An elderly gentleman watching all this shouted “Well you American, not only are you a bold,  assuming, brash, forward, presumptuous, rude, domineering, pushy, person, but also an idiot. You threw out the wrong bitch!”  

iMac 21.5" Intel i3, OS 10.6.8, 4 GB RAM, 500 GB HFS+ Internal HD, SuperDrive, 4 part 1TB HFS+ Firewire400 External HD 1, 250 GB HFS+ Firewire400 External HD 2, Powered 7 port USB Hub, USB Printer/Scanner, USB Printer/Fax/Scanner, USB Multiple Card Reader, Cable Modem, 16 GB USB 2.0 Flash Drive.

Offline kbeartx

  • TS Addict
  • Posts: 6772
    • View Profile
    • http://
British humOUR
« Reply #1 on: October 11, 2007, 06:53:13 PM »
QUOTE(jb @ Oct 8 2007, 03:20 PM) <{POST_SNAPBACK}>
...He walked the lenght of  the train and found no empty seat... As he walked the lenght of the train ...
The soldier walked the lenght of the train again ...

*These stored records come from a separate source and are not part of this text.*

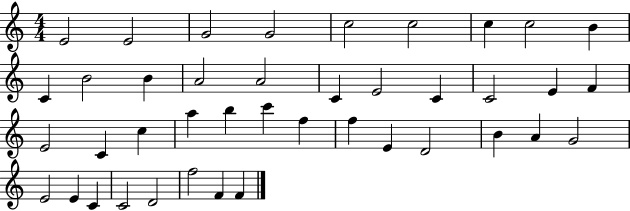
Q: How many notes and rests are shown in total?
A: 41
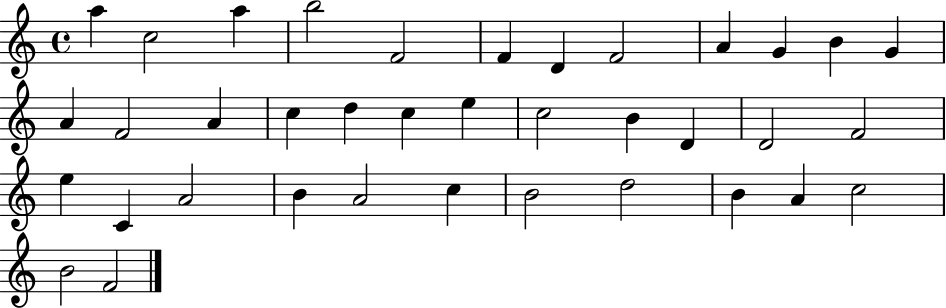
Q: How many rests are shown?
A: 0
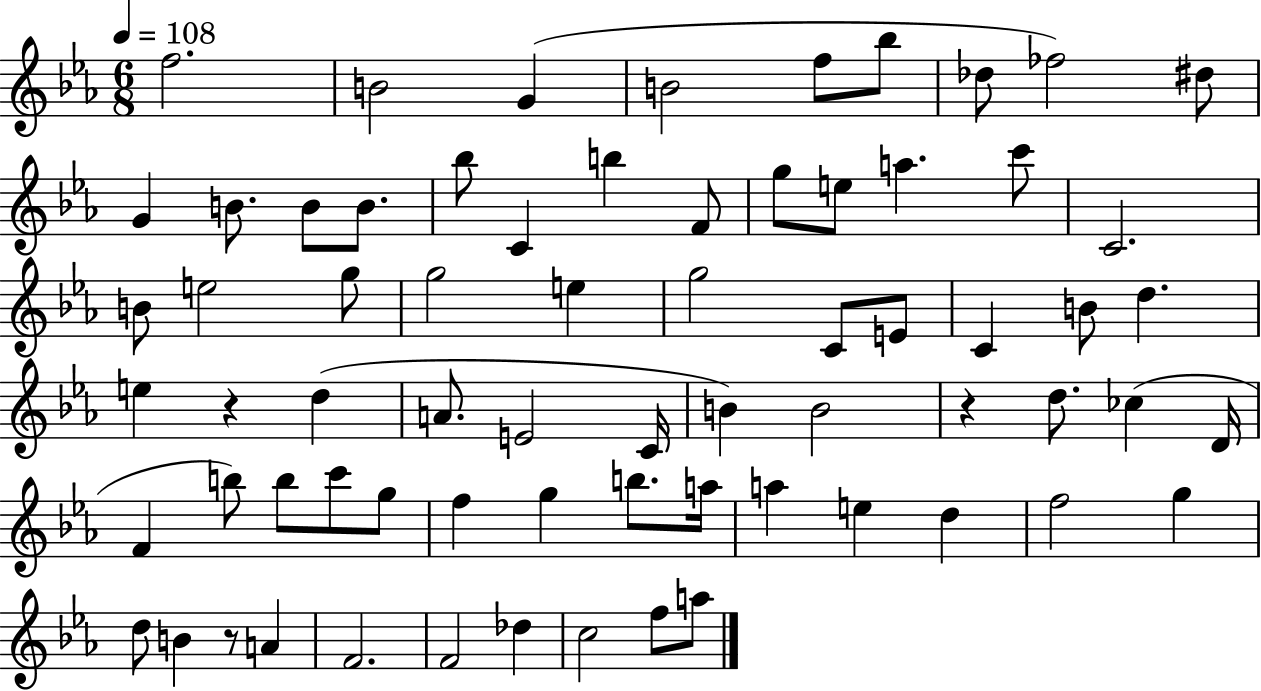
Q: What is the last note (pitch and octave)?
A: A5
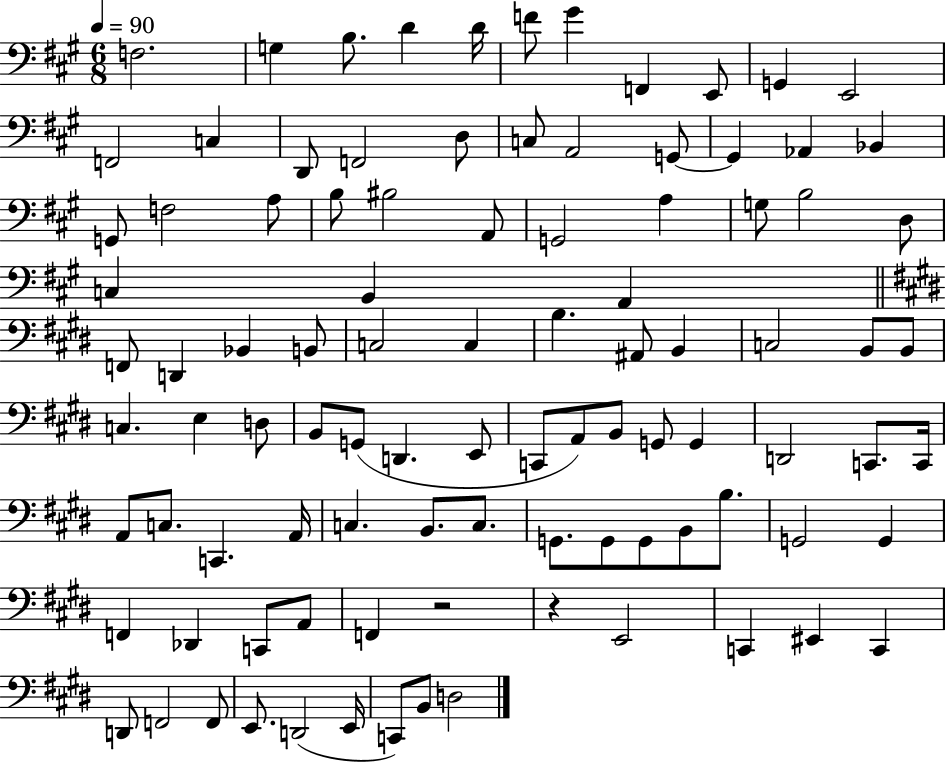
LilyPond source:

{
  \clef bass
  \numericTimeSignature
  \time 6/8
  \key a \major
  \tempo 4 = 90
  f2. | g4 b8. d'4 d'16 | f'8 gis'4 f,4 e,8 | g,4 e,2 | \break f,2 c4 | d,8 f,2 d8 | c8 a,2 g,8~~ | g,4 aes,4 bes,4 | \break g,8 f2 a8 | b8 bis2 a,8 | g,2 a4 | g8 b2 d8 | \break c4 b,4 a,4 | \bar "||" \break \key e \major f,8 d,4 bes,4 b,8 | c2 c4 | b4. ais,8 b,4 | c2 b,8 b,8 | \break c4. e4 d8 | b,8 g,8( d,4. e,8 | c,8 a,8) b,8 g,8 g,4 | d,2 c,8. c,16 | \break a,8 c8. c,4. a,16 | c4. b,8. c8. | g,8. g,8 g,8 b,8 b8. | g,2 g,4 | \break f,4 des,4 c,8 a,8 | f,4 r2 | r4 e,2 | c,4 eis,4 c,4 | \break d,8 f,2 f,8 | e,8. d,2( e,16 | c,8) b,8 d2 | \bar "|."
}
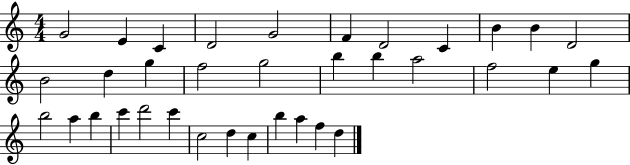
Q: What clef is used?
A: treble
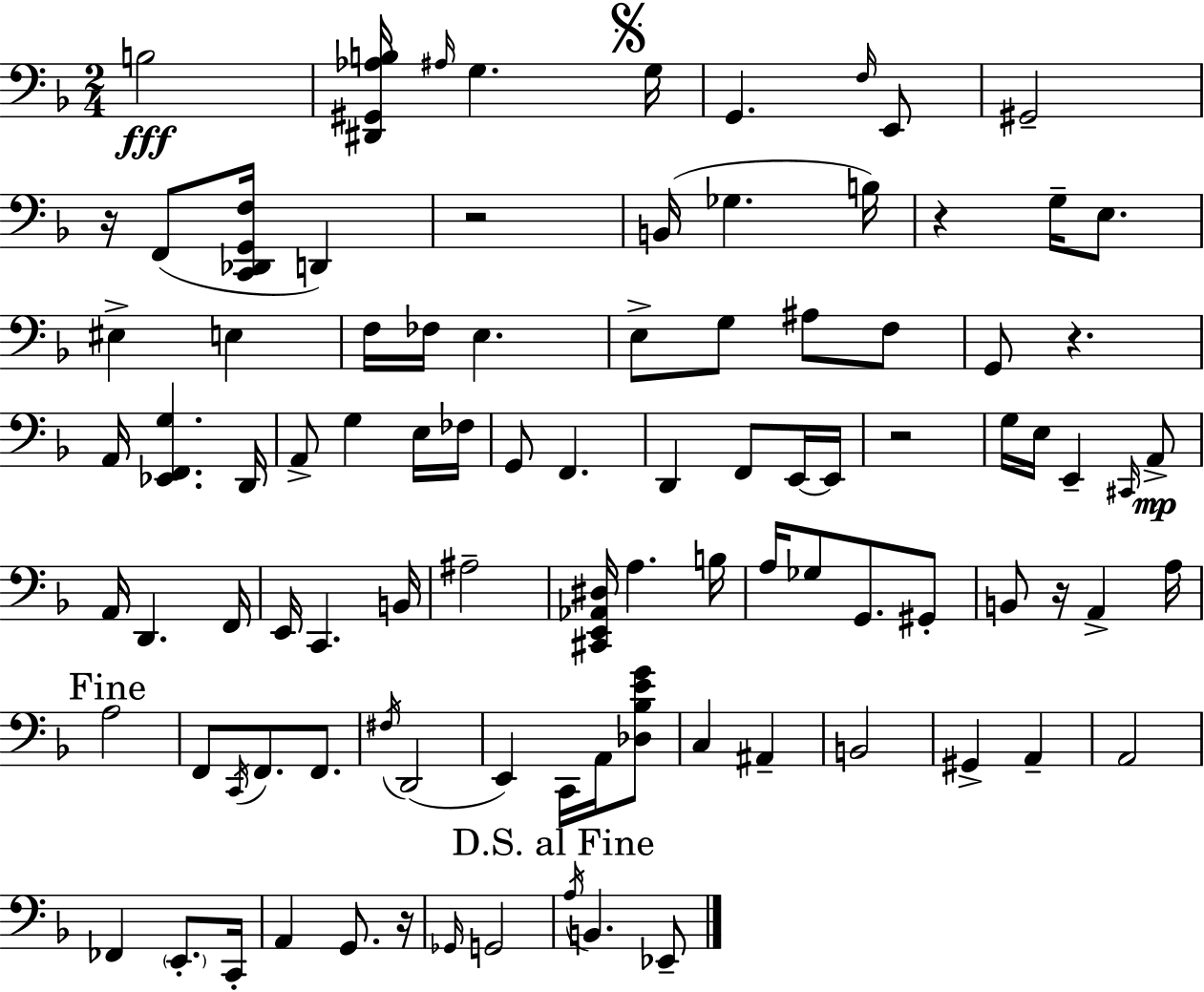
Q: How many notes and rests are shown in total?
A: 96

"lenght"?  Must be the Canadian spelling.... toothgrin.gif


BTW IMO, if you make it thrice in the same post, it's not a typo anymore, it's an error in thinking.

 cool.gif

Offline krissel

  • Administrator
  • TS Addict
  • *****
  • Posts: 14735
    • View Profile
British humOUR
« Reply #2 on: October 11, 2007, 07:37:44 PM »
I'll bet jb copypasted that and never bothered to check the spelling.

That said, thank goodness I have yType and Typeit4Me active on my puter.  I can't tell you how many times it has autocorrected my reversal of letters.

rolleyes.gif

And yes, I've done it many times in one session. It's just those fingers of mine don't always communicate with my brain when they should, or it is vice versa?

blush-anim-cl.gif


A Techsurvivors founder

Offline Gregg

  • TS Addict
  • *****
  • Posts: 11748
    • View Profile
    • http://
British humOUR
« Reply #3 on: October 12, 2007, 07:45:07 AM »
QUOTE(krissel @ Oct 11 2007, 07:37 PM) <{POST_SNAPBACK}>
It's just those fingers of mine don't always communicate with my brain when they should, or it is vice versa?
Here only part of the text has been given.